Reputation: 36640
I have a temp table created from a copy
from a CSV file and the result includes some duplicate ids. I need to delete any duplication. I have tried the following:
delete from my_table where id in
(select id from (select count(*) as count, id
from my_table group by id) as counts where count>1);
However this deletes both the duplicate records and I must keep one.
How can I delete only the 2nd record with a duplicated Id?
Thanks.
Upvotes: 2
Views: 4347
Reputation: 9211
Your query deletes all IDs that have a count greater than 1, so it removes everything that is duplicated.
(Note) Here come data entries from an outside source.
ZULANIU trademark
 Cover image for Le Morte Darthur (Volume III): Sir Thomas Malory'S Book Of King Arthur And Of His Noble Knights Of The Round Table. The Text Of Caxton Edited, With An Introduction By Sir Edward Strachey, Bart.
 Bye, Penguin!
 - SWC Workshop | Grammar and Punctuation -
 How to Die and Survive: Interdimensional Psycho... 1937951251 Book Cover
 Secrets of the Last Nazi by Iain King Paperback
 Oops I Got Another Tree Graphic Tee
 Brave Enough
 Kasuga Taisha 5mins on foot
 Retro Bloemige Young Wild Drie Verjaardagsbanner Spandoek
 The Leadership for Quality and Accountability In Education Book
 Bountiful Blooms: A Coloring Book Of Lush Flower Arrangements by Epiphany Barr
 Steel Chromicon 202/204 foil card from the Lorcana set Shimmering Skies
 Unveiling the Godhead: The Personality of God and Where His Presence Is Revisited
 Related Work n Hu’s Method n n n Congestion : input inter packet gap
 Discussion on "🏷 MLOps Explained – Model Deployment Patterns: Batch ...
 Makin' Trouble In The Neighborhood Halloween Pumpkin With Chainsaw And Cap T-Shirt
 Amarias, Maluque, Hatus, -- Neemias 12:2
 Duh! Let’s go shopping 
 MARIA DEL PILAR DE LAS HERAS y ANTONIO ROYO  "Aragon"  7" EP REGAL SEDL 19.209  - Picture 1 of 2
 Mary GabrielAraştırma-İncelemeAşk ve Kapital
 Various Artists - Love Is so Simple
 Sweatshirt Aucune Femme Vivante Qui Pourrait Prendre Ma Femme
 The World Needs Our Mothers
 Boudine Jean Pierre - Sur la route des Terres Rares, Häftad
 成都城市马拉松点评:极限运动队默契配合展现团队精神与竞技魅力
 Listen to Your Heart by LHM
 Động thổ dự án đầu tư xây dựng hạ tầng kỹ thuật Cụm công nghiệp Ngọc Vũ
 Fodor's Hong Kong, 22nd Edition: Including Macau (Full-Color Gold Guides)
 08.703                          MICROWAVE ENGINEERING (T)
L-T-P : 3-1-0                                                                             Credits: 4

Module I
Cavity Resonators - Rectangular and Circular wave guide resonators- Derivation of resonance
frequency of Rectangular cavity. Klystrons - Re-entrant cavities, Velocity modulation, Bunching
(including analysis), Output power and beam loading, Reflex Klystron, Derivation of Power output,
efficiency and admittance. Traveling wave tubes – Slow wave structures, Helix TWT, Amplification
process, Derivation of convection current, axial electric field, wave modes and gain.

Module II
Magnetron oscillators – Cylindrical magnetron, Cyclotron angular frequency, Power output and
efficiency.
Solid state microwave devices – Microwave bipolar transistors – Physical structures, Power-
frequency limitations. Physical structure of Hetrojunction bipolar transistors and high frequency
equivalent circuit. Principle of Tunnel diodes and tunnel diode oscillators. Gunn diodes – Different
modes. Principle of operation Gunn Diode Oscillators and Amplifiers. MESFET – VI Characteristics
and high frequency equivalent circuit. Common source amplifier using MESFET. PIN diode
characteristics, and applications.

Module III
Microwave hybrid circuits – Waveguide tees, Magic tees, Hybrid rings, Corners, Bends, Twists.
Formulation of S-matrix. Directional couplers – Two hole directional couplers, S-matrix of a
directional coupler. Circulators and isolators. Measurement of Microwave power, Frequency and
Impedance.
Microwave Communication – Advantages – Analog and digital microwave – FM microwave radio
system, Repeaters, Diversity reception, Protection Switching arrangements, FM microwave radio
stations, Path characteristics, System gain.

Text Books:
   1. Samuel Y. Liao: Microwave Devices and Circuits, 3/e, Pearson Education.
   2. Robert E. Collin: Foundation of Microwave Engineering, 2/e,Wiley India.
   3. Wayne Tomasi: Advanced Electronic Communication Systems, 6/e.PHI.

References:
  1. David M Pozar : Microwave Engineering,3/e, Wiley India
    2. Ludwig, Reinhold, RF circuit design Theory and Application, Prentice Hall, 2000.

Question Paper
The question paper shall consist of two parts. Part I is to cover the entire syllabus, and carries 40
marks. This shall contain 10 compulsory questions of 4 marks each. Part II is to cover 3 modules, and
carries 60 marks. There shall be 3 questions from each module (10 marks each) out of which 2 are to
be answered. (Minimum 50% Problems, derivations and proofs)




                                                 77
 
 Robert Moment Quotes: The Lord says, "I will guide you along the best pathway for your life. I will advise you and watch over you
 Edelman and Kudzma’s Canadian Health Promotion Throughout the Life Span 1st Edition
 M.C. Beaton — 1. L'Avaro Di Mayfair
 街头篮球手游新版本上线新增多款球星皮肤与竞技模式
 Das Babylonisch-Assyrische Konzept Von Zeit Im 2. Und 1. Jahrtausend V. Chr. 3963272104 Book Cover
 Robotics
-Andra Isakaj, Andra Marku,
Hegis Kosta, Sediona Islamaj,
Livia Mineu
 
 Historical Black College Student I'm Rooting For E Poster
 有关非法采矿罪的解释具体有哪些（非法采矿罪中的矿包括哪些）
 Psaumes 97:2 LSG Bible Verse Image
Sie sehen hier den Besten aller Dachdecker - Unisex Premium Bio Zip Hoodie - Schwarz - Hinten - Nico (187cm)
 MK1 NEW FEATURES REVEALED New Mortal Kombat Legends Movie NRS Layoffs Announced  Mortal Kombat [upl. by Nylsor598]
What you need to do is isolate one record from the list of duplicates and preserve that:
delete
from my_table
where id in (select id
from my_table
where some_field in (select some_field
from my_table
group by some_field
having count(id) > 1))
and id not in (select min(id)
from my_table
where some_field in (select some_field
from my_table
group by some_field
having count(id) > 1)
group by some_field);
EDIT Fixed :P
Upvotes: 2
Reputation: 26921
Assuming you don't have foreign key relations...
CREATE TABLE "temp"(*column definitions*);
insert into "temp" (*column definitions*)
select *column definitions*
from (
select *,row_number() over(PARTITION BY id) as rn from "yourtable"
) tm
where rn=1;
drop table "yourtable";
alter table "temp" rename to "yourtable";
Upvotes: 1